Task data:
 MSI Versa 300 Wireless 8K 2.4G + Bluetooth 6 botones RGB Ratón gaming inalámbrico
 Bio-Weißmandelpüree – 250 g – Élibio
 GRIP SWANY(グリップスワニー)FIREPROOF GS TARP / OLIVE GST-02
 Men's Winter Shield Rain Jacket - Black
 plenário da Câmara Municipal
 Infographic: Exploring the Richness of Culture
* * *
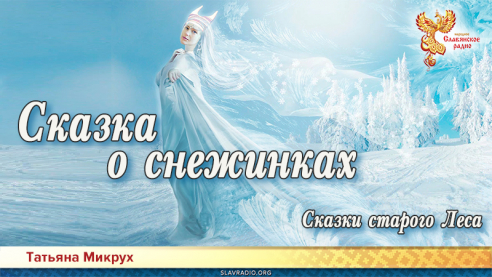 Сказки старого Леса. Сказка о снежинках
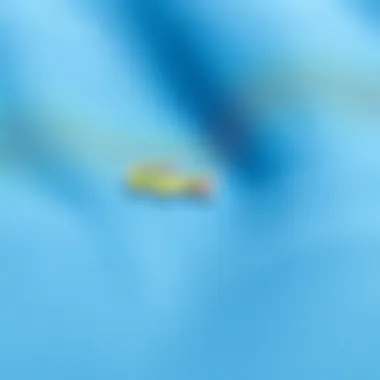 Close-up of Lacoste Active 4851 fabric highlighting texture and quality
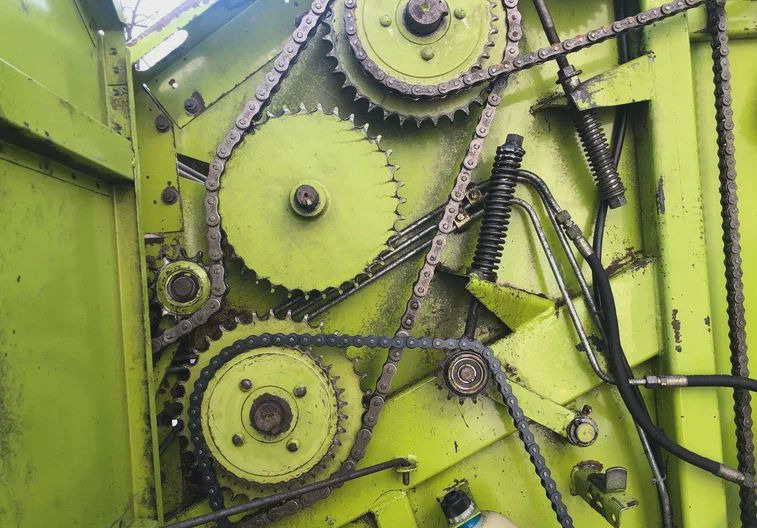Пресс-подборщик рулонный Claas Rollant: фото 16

Exercise goal: Above is the material; set down exactly its lines from the one containing "Close-up of Lacoste" down to the one containing "Пресс-подборщик рулонный Claas", both included, leaving out any pictures.

Written reply:
 Close-up of Lacoste Active 4851 fabric highlighting texture and quality
Пресс-подборщик рулонный Claas Rollant: фото 16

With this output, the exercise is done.